* **Goal of the exercise**: Give back exactly the lines of the data below, starting with the line that has "Підручники Німецька мова 8 клас сторінка 207" and going on through the line that has "Godzilla War Magnet".

* **Source records**:
□ □ □ □

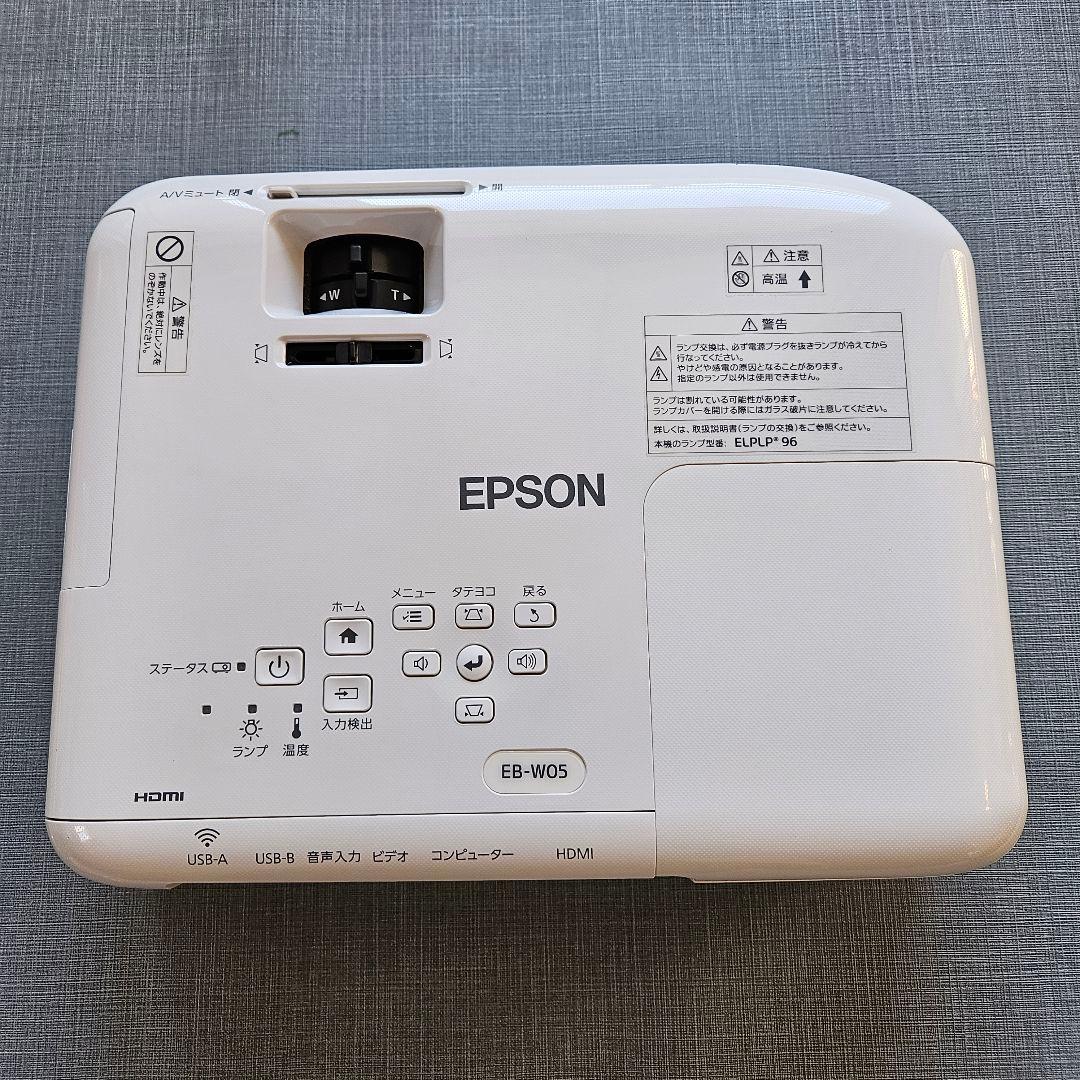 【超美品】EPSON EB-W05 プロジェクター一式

□ □ □ □

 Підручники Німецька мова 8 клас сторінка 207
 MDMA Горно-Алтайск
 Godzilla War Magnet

□ □ □ □

* **Answer area**:
 Підручники Німецька мова 8 клас сторінка 207
 MDMA Горно-Алтайск
 Godzilla War Magnet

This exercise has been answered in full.